Material shown —
┌────────

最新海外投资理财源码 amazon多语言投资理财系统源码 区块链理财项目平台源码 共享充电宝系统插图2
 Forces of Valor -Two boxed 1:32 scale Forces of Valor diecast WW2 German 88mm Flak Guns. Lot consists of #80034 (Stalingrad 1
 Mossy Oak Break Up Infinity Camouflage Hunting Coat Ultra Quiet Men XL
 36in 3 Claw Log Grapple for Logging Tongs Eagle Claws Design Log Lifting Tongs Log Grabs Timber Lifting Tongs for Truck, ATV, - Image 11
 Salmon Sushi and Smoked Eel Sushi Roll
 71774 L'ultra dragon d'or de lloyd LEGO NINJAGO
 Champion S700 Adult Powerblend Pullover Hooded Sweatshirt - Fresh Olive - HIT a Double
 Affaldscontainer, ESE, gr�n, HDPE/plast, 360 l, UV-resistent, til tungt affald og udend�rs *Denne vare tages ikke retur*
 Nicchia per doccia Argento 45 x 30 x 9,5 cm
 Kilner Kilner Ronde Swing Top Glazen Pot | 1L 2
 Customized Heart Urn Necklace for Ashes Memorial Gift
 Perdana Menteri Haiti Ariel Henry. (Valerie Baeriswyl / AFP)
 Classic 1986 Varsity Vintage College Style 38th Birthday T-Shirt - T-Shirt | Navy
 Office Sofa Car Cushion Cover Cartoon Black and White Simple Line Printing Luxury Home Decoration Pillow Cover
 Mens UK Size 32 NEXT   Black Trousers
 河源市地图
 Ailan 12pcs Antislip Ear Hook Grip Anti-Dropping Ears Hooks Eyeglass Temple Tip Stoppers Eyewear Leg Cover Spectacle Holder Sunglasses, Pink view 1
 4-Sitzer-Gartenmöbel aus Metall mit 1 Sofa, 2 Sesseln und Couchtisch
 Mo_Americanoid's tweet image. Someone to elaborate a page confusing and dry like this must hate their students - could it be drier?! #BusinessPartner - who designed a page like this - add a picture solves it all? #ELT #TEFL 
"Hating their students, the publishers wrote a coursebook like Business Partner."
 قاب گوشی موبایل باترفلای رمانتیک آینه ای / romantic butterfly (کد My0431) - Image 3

└────────

Problem details — Write out only those lines of the entries that lie between the line containing "Mo_Americanoid's tweet image." and the last line, inclusive, reproducing them exactly.

Result of this task —
 Mo_Americanoid's tweet image. Someone to elaborate a page confusing and dry like this must hate their students - could it be drier?! #BusinessPartner - who designed a page like this - add a picture solves it all? #ELT #TEFL 
"Hating their students, the publishers wrote a coursebook like Business Partner."
 قاب گوشی موبایل باترفلای رمانتیک آینه ای / romantic butterfly (کد My0431) - Image 3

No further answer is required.